Do fish sing? Sounds like a silly question. Birds sing, whales sing and frogs sing (in a manner of speaking) ... but fish? Yes, it's no joke. Scientists are discovering that fish are vocalists too.

To human eyes, the Lusitanian toadfish (Halobatrachus didactylus) is no beauty. But to female toadfish, the songs of the males are apparently beautiful music. Dr Clara Amorim at ISPA (Instituto Superior de Psicologia Aplicada - University Institute) in Lisbon, Portugal, is fascinated by fish vocal communication, and it's the main focus of her research.
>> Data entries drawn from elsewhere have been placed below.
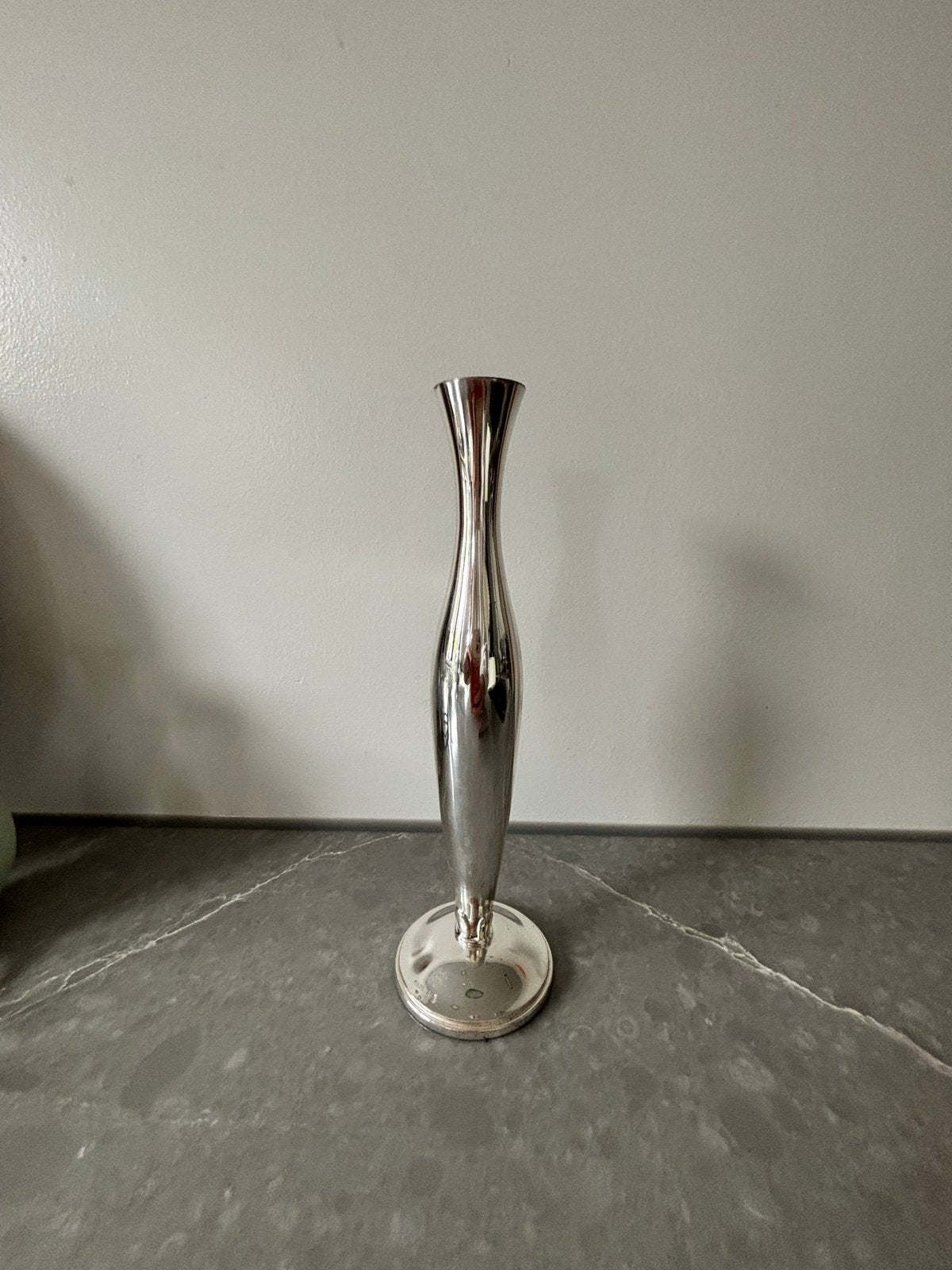 Zilveren vaasje 925 Sterling - Elegant en Tijdloos, Antiek en Kunst, Ophalen of Verzenden, Zilver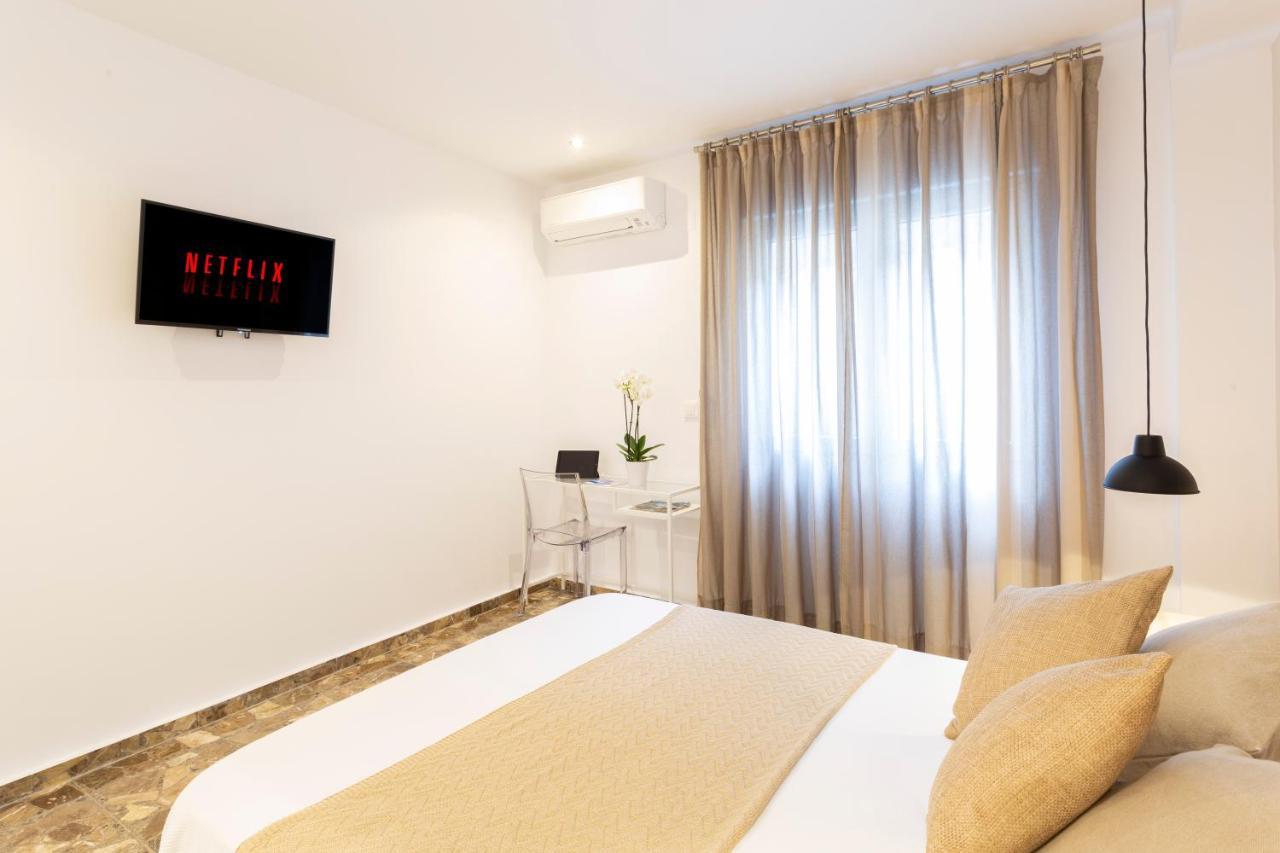 Room Boutique 32 Дения Екстериор снимка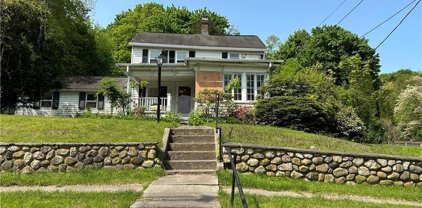 93 Grassy Plain Street, Bethel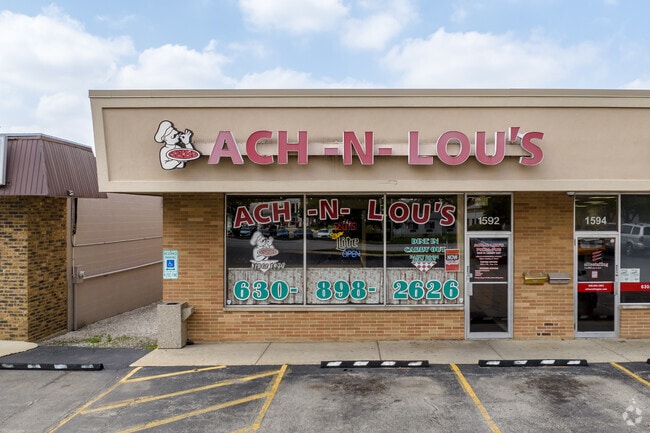 Ach-N-Lou’s Pizza Pub is one of the nearby eateries in Indian Creek.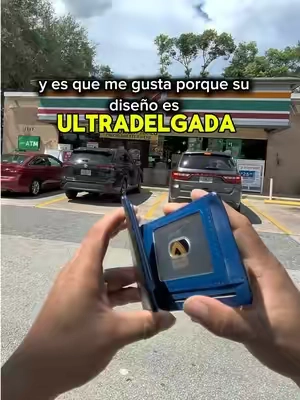 Una billetera compacta que llevas a todas partes sin cargar de más. 💳👌 Práctica, elegante y perfecta para llevar tus tarjetas siempre a la mano. #tiktokshop #billetera #billeteraparahombre #accesoriosparahombre #tiktokmademebuyit 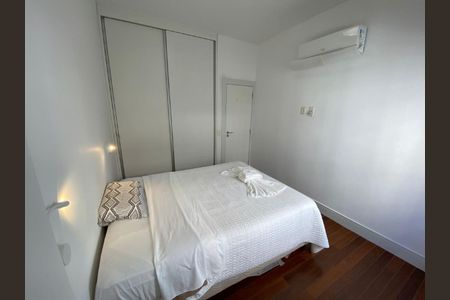 Apartamento à venda com 192m², 4 quartos e 1 vaga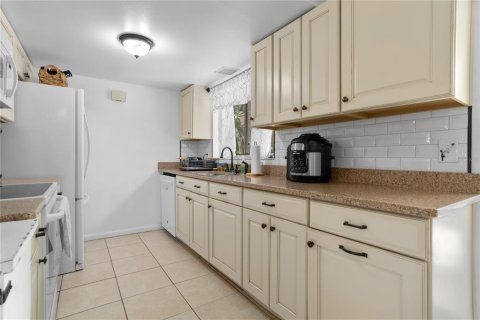 Casa en venta en Orlando, Florida, 3 dormitorios, 96.43 m2 № 1916290 - foto 9
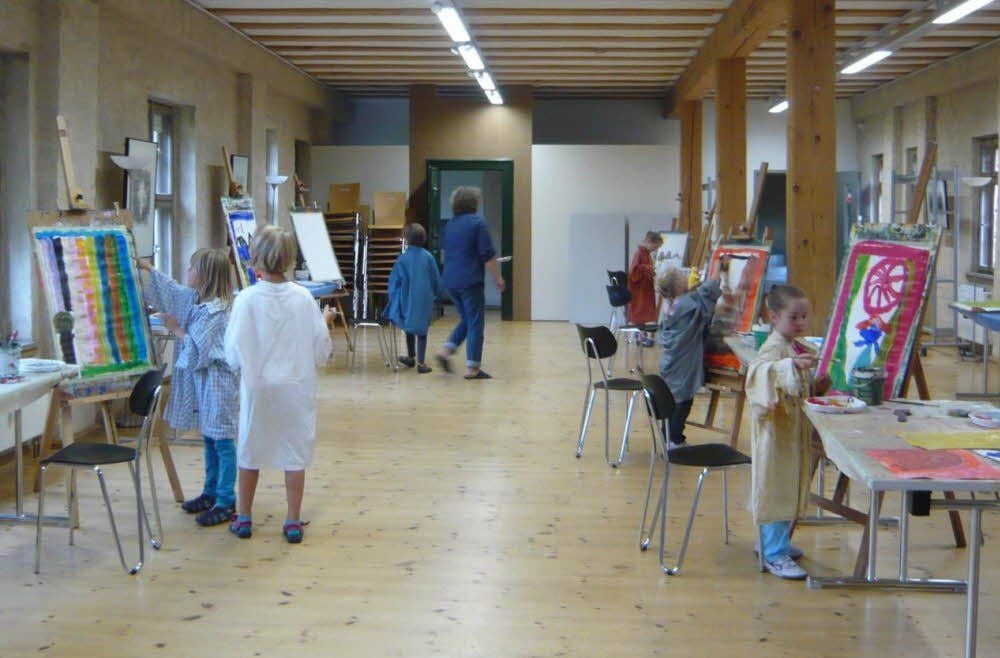 Eine schöne Art, sich die Ferien zu vertreiben, haben diese Kinder gewählt und vorige Woche einen der zahlreichen Kurse an der Malschule der Cranach-Stiftung Wittenberg besucht.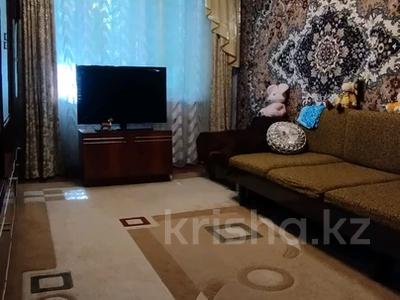 2-бөлмелі пәтер · 46 м² · 1/5 қабат, Акбулак ш/а., Талас 19, бағасы: 11.5 млн ₸ в Таразе, мкр Акбулак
The toadfish she studies live in the shallow, murky waters of Portugal's Tagus River estuary.

Toadfish don't just sing solos, "they form choruses like frogs", says Amorim. In this species, both males and females make sounds, but it's the males that have a broader "musical" repertoire. Researchers including Amorim have described the range of toadfish sounds as grunts, croaks, double croaks and boatwhistles.

Not unlike some human teenagers, juvenile fish make sounds "mostly of single grunts", explain Raquel Vasconcelos and Friedrich Ladich, authors of a 2007 study on these homely-looking fish. Recording fish sounds from wild-captured toadfish held in tanks, they found that grown-up toadfish use more sophisticated sounds than the youngsters. Adults emit a whole series or "train" of grunts.

Sounds are produced when the fish rapidly contract muscles embedded in their swim bladder (an expandable air-filled sac that helps fish control their buoyancy). "They actually use the swim bladder as a drum, with each muscle contraction producing a sound pulse," says Amorim. So toadfish, it seems, are not only singers, but also percussionists. 

“So toadfish, it seems, are not only singers, but also percussionists.”

Male toadfish ramp up boatwhistle "arias" when they are trying to interest females in entering their nest, she explains. Males continue to boatwhistle once females are inside their nest, a behaviour Amorim hypothesizes might stimulate females to release their eggs. In this species, females lay eggs and then abandon them, leaving all the baby duties to the males. So singing males, thinks Amorim, might be advertising their credentials as good dads.

"Males that sing more have a higher lipid [fat] content in their body,” Amorim has found. That's important to being a good dad because males tending to the nest are too busy babysitting and warding off intruders to find much food for themselves – so a nice store of fat is good to have. Toadfish are one of the many fish dads that sometimes cannibalize their own eggs (more on that here) when they’re low on energy, so Amorim suspects that fatter males provide better care, in part because they eat fewer of their own eggs.

Singing has also been discovered in cichlids, as investigated by Karen Maruska in the social cichlid fish Astatotilapia burtoni. In this fish too, vocalising is a means for matchmaking. Dominant males produce sounds while performing quivering or tail-waggling displays for the female. 

Curious to know how fish females perceive these sounds, Muruska placed males and females in tanks, used hydrophones to record fish sounds, and tested their sensitivity to sound by placing electrodes into their brain case (like a human EEG). She found a drastic difference in female hearing ability depending on their breeding stage. When ready to spawn, females were all ears, but when already mouth-broo/all-articles/2014/may/07/honey-i-ate-the-kids-infanticide-in-the-animal-kingdom/ding their eggs, they were no longer so sensitive to crooning males. (In this species moms do all of the childcare). 

Courtship is a multi-sensory experience in these cichlids, and songs are not the only cue females use to assess potential mates. Males of this species urinate to signal their dominance to other males and to advertise to females, and cichlids are also highly visual. "Acoustic cues probably provide some additional information used during mate choice decisions," says Maruska.

The number of fish known to sing, or at least make sounds, is growing. And they are not just singing for love. Sometimes they sing for their supper (to improve their success at finding food), to defend a territory, or to provide a warning signal to other fish. So when it comes to what we know about animal vocalists, it's not over until a toadfish sings.